A court would likely find that the Advocate, conceived as a legislatively-charged representative of injured persons, has standing to appeal decisions of the FISC and the FISC of Review. According to Hollingsworth v. Perry, Article III standing requires that a potential litigant have “suffered a concrete and particularized injury.” In Clapper v. Amnesty International, the Court denied standing to plaintiffs who reasonably believed, but could not prove, they had been or would be targeted by FISC-authorized surveillance.

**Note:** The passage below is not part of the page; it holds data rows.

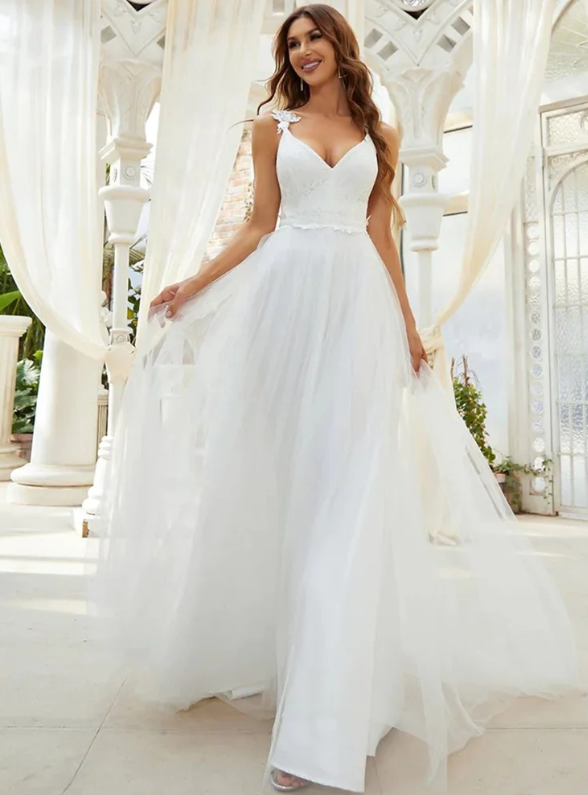 You are currently viewing The Ultimate Guide to Women’s Wedding Dresses: A Journey Through Style, Tradition, and Trends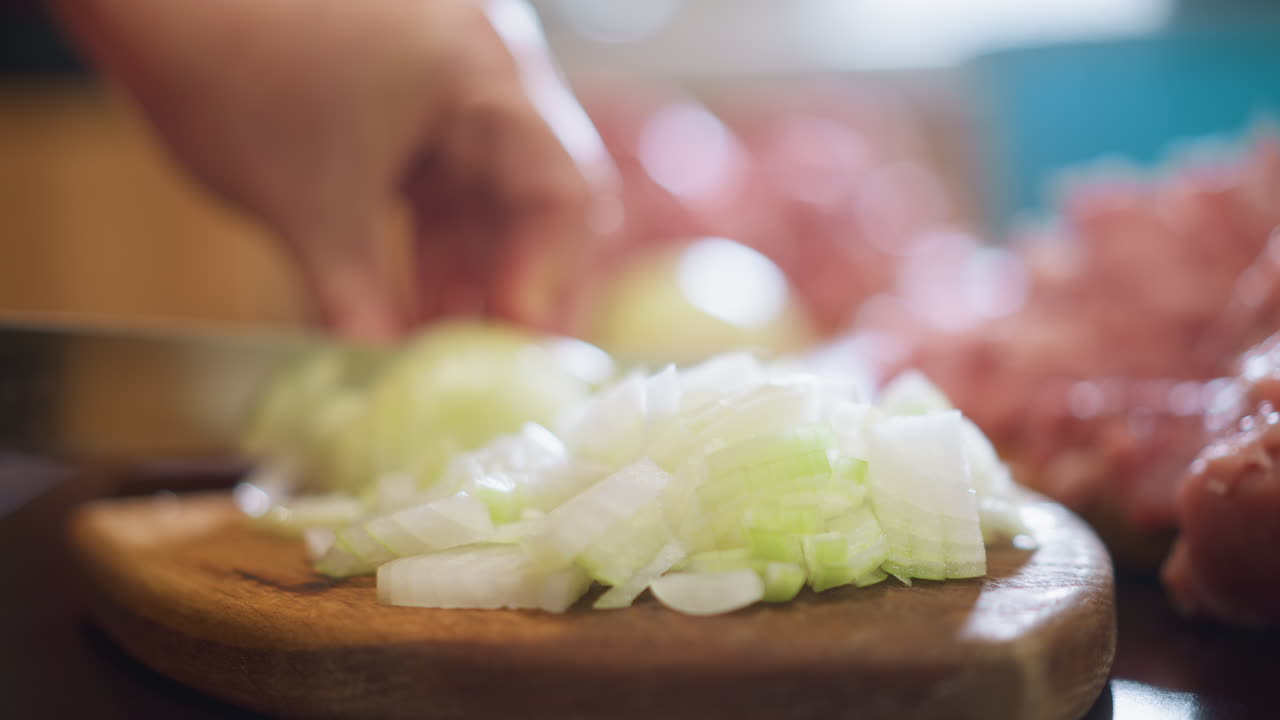 Home kitchen closeup chopping onion board, hands slicing green onion on wooden cutting board, raw pork mound blurred in background, warm natural light, shallow depth of field, comforting homestyle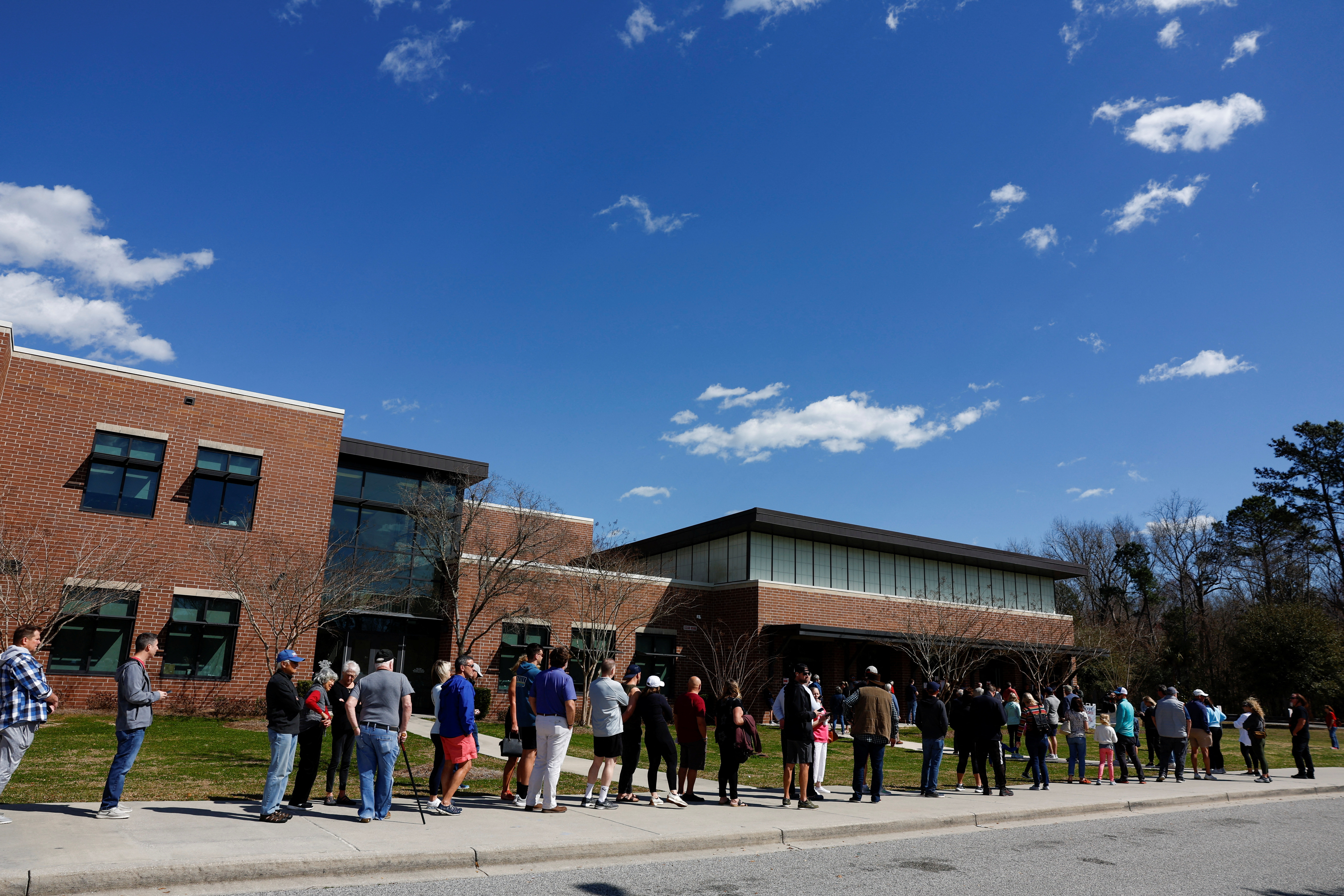 People stand in line to cast their votes in the South Carolina Republican presidential primary election, at the Jennie Moore Elementary School, in Mount Pleasant, South Carolina, U.S., February 24, 2024. 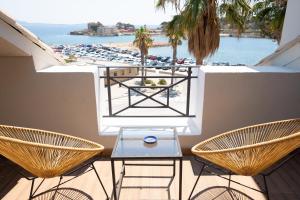 een balkon met een tafel en stoelen en uitzicht op het strand bij Key Largo in Bandol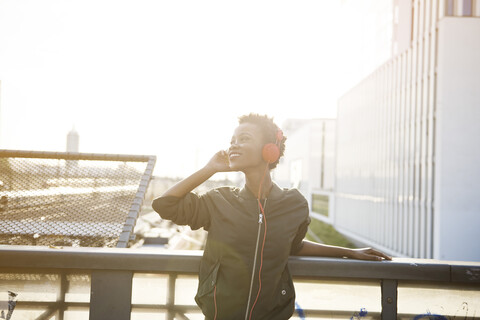 Portrait of smiling young woman listening music with headphones stock photo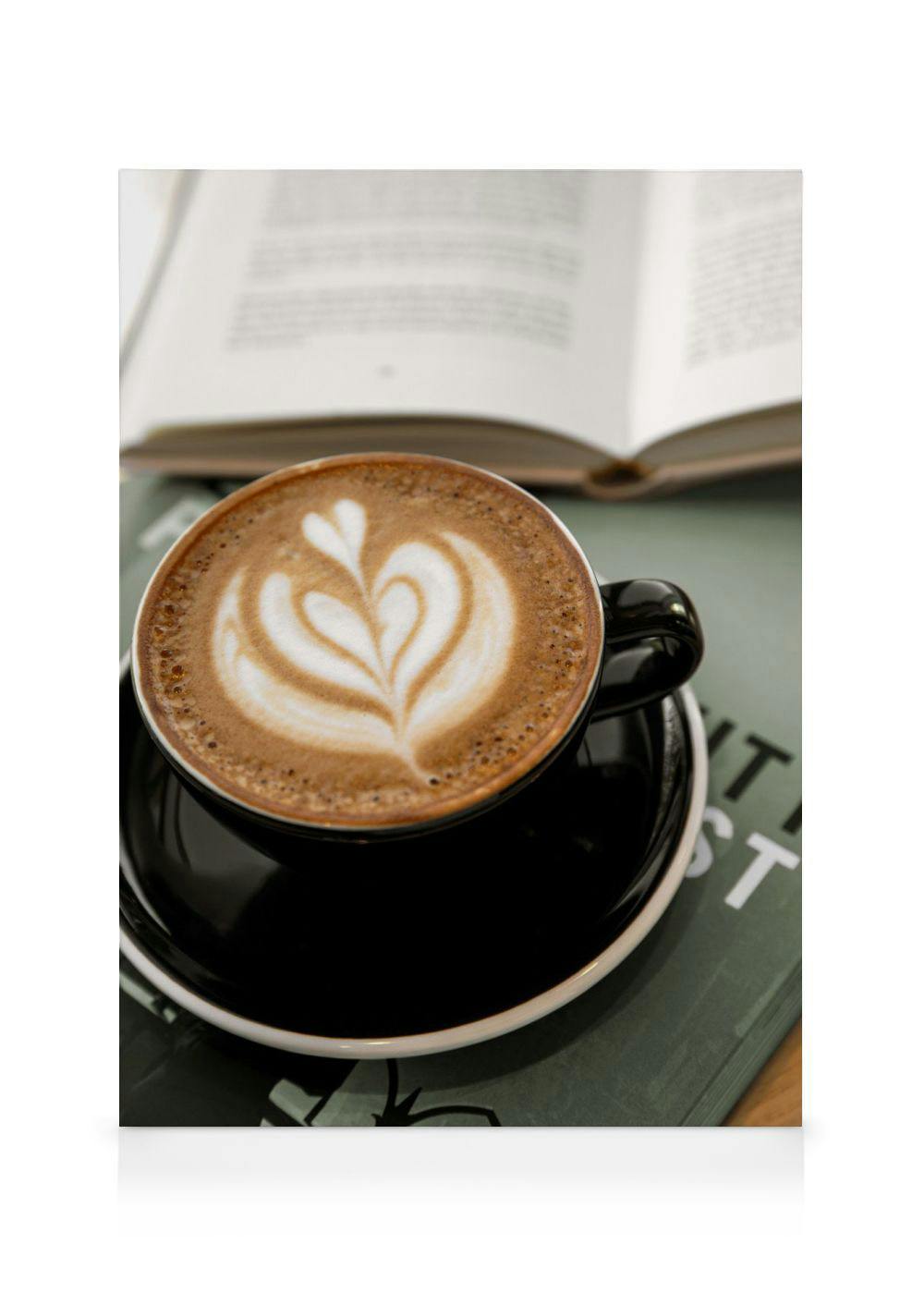 Leinwandbild mit einer Tasse Cappuccino mit Herzmotiv, die auf einem dunklen Buch steht, im Hintergrund ein offenes Buch.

Dissimilarly, the Act requires that the Advocate be given copies of the government’s applications for surveillance warrants immediately after they are filed with the FISC. With these documents, the Advocate could prove that specified persons would be targeted by government action and that their privacy rights would be violated, thereby providing grounds to argue on the target’s behalf.

The Clapper Court also notes its reluctance to extend standing requirements when “reaching the merits of the dispute would force us to decide whether an action [of the legislative or executive branch] of the Federal Government was unconstitutional…. [Further,] we have often found a lack of standing in cases in which the Judiciary has been requested to review actions of the political branches in the fields of intelligence gathering and foreign affairs….” However, “[t]he law of Article III standing, which is built on separation-of-powers principles, serves to prevent the judicial process from being used to usurp powers of the political branches.” This principle works against the standing of private parties seeking to invalidate government actions and favors the standing of statutorily-directed litigants. Whereas the Clapper, Hollingsworth, and Lujan plaintiffs were voluntary and private parties, the Act defines the Advocate as a government official mandated to protect certain interests by arguing for and appealing FISC and FISC of Review decisions. Judicial denial of standing to an official created by Congress to enforce statutorily-specified rights and liberties in a secret executive tribunal could be construed as a usurpation of legislative political power and a violation of the principle of legislative supremacy.